[Material provided]:
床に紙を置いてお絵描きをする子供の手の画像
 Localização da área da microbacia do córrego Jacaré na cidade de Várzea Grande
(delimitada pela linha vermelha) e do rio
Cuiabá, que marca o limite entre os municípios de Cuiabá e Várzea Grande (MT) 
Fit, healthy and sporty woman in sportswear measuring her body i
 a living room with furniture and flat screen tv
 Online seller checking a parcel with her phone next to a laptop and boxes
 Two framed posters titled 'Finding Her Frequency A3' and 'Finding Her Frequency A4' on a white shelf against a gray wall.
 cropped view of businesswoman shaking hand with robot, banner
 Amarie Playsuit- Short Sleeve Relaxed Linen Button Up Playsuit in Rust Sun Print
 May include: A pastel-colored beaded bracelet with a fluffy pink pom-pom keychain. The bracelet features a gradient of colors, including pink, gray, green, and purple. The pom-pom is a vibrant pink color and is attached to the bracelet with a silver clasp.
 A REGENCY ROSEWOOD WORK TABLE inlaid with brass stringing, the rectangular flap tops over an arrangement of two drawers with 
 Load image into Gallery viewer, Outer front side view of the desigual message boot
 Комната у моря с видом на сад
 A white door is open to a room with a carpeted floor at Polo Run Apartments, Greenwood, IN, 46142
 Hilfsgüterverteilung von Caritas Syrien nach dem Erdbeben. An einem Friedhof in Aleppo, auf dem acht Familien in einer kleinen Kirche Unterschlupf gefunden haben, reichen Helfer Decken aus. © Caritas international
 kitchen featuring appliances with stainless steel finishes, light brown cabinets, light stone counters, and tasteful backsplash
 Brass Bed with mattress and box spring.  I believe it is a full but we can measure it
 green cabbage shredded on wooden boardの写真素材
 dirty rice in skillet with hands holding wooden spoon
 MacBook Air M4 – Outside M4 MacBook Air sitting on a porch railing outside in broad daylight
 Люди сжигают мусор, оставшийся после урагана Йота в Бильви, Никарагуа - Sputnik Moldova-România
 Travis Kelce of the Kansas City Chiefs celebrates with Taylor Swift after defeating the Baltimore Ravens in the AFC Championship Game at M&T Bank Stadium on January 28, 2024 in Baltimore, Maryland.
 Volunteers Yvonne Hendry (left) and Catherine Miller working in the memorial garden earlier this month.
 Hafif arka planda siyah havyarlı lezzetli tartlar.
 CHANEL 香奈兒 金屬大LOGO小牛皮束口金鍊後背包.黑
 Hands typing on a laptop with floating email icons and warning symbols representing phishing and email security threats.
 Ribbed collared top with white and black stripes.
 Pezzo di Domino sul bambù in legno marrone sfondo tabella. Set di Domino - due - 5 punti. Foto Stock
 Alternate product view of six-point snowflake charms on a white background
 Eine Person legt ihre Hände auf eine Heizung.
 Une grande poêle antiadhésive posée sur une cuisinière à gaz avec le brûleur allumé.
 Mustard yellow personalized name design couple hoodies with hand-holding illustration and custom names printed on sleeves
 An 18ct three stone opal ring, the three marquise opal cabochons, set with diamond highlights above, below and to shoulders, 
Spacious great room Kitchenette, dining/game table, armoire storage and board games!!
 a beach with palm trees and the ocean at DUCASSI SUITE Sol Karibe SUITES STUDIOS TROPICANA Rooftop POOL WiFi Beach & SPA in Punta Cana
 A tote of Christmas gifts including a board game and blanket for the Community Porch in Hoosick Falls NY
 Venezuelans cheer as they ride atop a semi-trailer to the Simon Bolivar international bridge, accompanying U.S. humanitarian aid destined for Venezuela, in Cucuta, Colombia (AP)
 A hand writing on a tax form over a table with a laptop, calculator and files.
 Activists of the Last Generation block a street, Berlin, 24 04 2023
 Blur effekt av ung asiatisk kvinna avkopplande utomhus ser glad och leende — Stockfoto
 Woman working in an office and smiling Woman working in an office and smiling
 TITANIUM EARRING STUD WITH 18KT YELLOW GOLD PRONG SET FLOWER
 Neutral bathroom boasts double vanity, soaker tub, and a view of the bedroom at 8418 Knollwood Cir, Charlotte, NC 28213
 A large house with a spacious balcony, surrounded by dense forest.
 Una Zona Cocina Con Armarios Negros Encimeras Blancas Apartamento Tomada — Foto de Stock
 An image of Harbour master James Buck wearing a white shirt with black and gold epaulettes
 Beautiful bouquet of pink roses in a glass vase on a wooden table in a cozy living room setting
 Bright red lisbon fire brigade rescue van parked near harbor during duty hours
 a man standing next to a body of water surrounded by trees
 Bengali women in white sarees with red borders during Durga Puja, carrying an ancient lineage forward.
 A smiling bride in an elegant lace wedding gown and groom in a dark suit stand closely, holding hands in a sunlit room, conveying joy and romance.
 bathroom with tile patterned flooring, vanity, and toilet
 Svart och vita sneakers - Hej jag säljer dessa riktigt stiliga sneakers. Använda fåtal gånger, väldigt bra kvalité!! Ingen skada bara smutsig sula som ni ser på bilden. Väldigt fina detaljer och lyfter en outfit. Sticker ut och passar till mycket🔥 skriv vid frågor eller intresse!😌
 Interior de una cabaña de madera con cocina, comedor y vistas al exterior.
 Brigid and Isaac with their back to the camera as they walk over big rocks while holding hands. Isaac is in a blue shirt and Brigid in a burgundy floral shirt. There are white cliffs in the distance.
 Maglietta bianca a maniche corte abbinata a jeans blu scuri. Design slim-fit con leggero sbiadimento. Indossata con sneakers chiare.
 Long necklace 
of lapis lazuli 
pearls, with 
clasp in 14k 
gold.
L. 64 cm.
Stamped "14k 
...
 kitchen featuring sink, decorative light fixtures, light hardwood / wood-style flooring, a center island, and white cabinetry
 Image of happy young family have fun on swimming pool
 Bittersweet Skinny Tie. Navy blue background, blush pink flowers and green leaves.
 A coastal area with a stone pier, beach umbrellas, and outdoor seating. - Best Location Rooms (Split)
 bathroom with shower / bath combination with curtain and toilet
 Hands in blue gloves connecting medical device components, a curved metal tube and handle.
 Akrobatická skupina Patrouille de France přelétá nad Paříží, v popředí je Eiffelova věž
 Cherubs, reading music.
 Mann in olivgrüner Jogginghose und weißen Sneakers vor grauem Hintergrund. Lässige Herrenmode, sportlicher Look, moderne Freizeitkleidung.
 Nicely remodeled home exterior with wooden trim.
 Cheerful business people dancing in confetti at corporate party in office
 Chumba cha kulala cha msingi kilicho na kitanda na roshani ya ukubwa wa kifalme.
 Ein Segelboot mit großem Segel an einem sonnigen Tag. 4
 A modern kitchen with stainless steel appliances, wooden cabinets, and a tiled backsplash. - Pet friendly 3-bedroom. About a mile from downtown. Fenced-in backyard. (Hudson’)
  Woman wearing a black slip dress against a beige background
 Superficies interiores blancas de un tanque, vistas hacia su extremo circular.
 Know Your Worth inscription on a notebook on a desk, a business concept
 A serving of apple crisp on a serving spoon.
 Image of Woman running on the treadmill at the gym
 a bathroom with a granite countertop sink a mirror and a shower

[Exercise]: Taking the entries above, print exactly the lines starting at the line with "Amarie Playsuit- Short" and ending at the line with "MacBook Air M4", both included.

[Output of the task]:
 Amarie Playsuit- Short Sleeve Relaxed Linen Button Up Playsuit in Rust Sun Print
 May include: A pastel-colored beaded bracelet with a fluffy pink pom-pom keychain. The bracelet features a gradient of colors, including pink, gray, green, and purple. The pom-pom is a vibrant pink color and is attached to the bracelet with a silver clasp.
 A REGENCY ROSEWOOD WORK TABLE inlaid with brass stringing, the rectangular flap tops over an arrangement of two drawers with 
 Load image into Gallery viewer, Outer front side view of the desigual message boot
 Комната у моря с видом на сад
 A white door is open to a room with a carpeted floor at Polo Run Apartments, Greenwood, IN, 46142
 Hilfsgüterverteilung von Caritas Syrien nach dem Erdbeben. An einem Friedhof in Aleppo, auf dem acht Familien in einer kleinen Kirche Unterschlupf gefunden haben, reichen Helfer Decken aus. © Caritas international
 kitchen featuring appliances with stainless steel finishes, light brown cabinets, light stone counters, and tasteful backsplash
 Brass Bed with mattress and box spring.  I believe it is a full but we can measure it
 green cabbage shredded on wooden boardの写真素材
 dirty rice in skillet with hands holding wooden spoon
 MacBook Air M4 – Outside M4 MacBook Air sitting on a porch railing outside in broad daylight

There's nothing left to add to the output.